Cinque minuti sarebbero sufficienti a fermare questa follia, se potessi ridare un sorso di vita a queste anime aride e vuote. Automi nello sconforto del fatalismo, grigi assassini dietro la maschera della menzogna.

Non ho più piedi, nella morsa degli scarponi colmi di melma, non ho più gambe, nei calzoni invasi da zecche e pidocchi, non ho più stomaco ne cuore, sotto questa giacca violata da schegge e pallottole, crosta di fango e detriti, sotto quest’elmo, nessun pensiero, nessun desiderio.

Eppure il mio pugno è serrato, le mie mani cingono il fucile con tutte le forze.

Protesi del livore, mezzo primo, ed ultimo, della violenza.

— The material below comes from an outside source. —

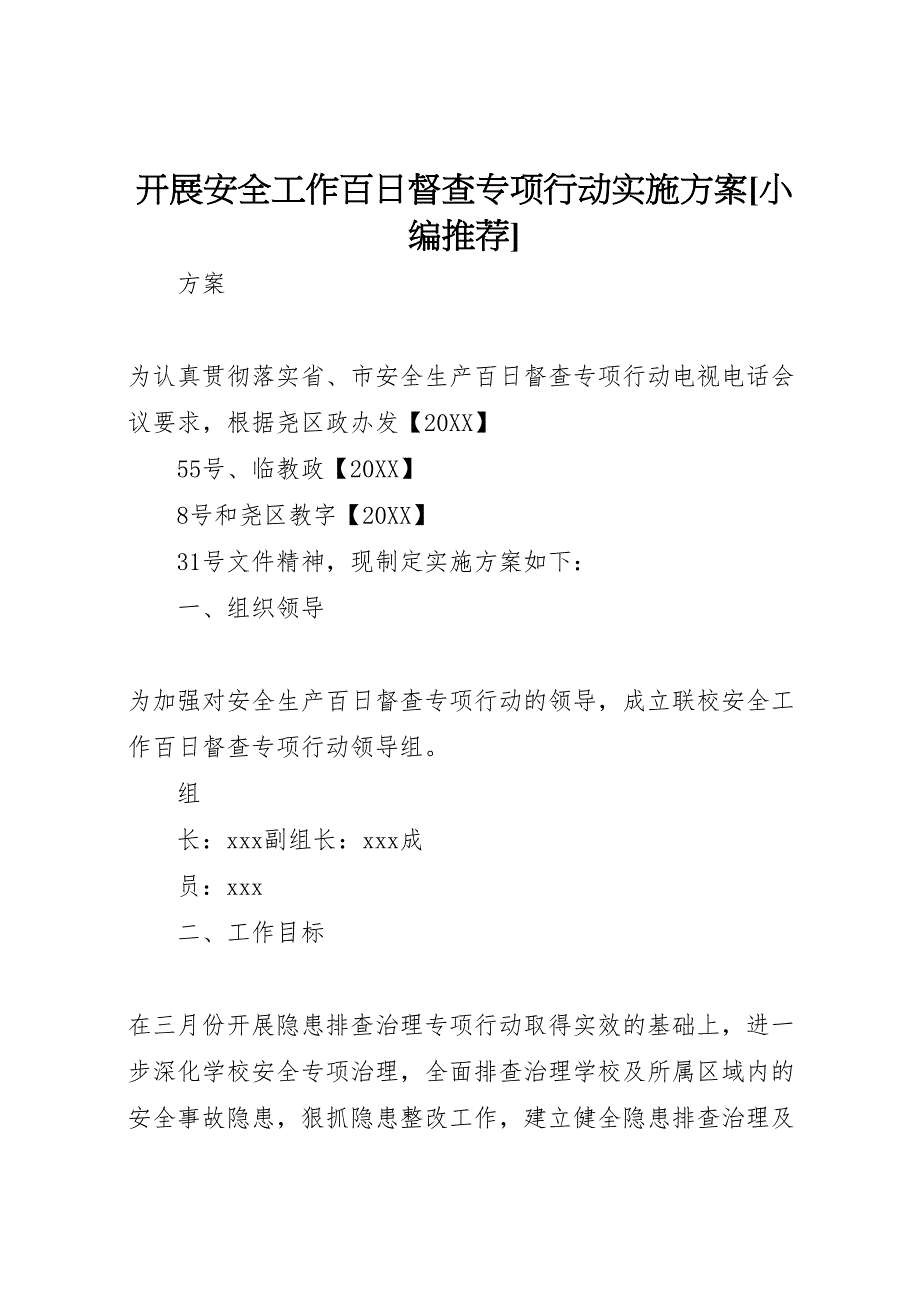 开展安全工作百日督查专项行动实施方案_第1页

Cinque minuti, non chiedo di più.

Quelli che al risveglio mia madre mi concedeva, prima di ritornare per destarmi dalla magia del sogno. Mi lasciavo allora catturare dal tepore delle coperte e dal candido profumo delle lenzuola lavate di fresco. Col corpo immobile, la mente già a vivere la giornata che mi attendeva, così vera, così sensata nella sua, allora apparente, normalità.

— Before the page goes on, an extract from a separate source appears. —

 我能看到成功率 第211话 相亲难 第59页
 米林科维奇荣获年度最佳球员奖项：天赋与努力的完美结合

Penso ai cinque minuti che precedevano un esame a scuola oppure un appuntamento importante, come al lavoro. Quanta tensione, da giovane, dietro a quegli attimi di dubbio, nell’incertezza che spaventa e che da grandi lascia il posto alla noia. Non trovo tempo ora per sfuggire al destino, per gridare al mondo intero quanti morti vi siano dietro ad un assalto, quanto orrore vi sia oltre quel parapetto.

Mi ero imposto di non guardare più la piccola foto che conservo nel tascapane. In essa, tu ed io, siamo sorridenti al margine del lago. Era un pomeriggio dei tanti che con spensieratezza ho vissuto al tuo fianco…mai avrei potuto immaginare potesse essere l’ultimo concessoci. Vorrei rivivere gli ultimi cinque minuti, di quei baci e di quelle carezze, riavere la possibilità di dirti quanto ti ho amata e desiderata nello splendore dei tuoi vent’anni. Ti immagino, ancor più bella, al fianco di un altro uomo. Non sarò io a poterti vedere, al mattino, al risveglio, non sarò io al tuo braccio, nelle fotografie a venire. Già ora, il volto del ragazzo è mutato. Non mi riconosco nello specchietto da campo del mio taccuino . Giorno dopo giorno, i tratti del mio viso si sono sciupati ed i miei occhi, oggi, sarebbero per te, irriconoscibili. Essi parlano di una vita bruciata, dai gas, dalle mine, dalle veglie nel terrore, dal desiderio di porre fine, per sempre, a questo incubo.

Ieri un medico, stremato da ore interminabili di lavoro, tra invocazioni e urla di dolore, toltasi la mascherina, di fronte ad un soldato, morto durante l’operazione, ha proferito: “Almeno lui ce l’ha fatta…”.

Non potrò mai cancellare, dalla mia mente, quelle parole e quel volto distrutto dalla compassione. Non potrò mai perdonare chi ci ha privati della nostra giovinezza e ha costruito un “mondo nuovo” sulla montagna di cadaveri che qui marciscono tra le trincee. La natura potrà ricrescere e saprà coprire queste piaghe immonde. Noi no.  Tu, Eva,  il modo di dimenticarmi, invece, lo devi trovare. Perfino io ho scordato chi sono stato.

Adesso lasciatemi solo, lasciatemi contare quelli che non torneranno, quelli che volevano solo vivere e niente più. Quelli che ho visto ridere, alla partenza, nei vagoni dei treni, quelli che ho visto piangere di fronte alla tomba di un camerata caduto. Lasciateci soli, in questi nostri ultimi, cinque minuti.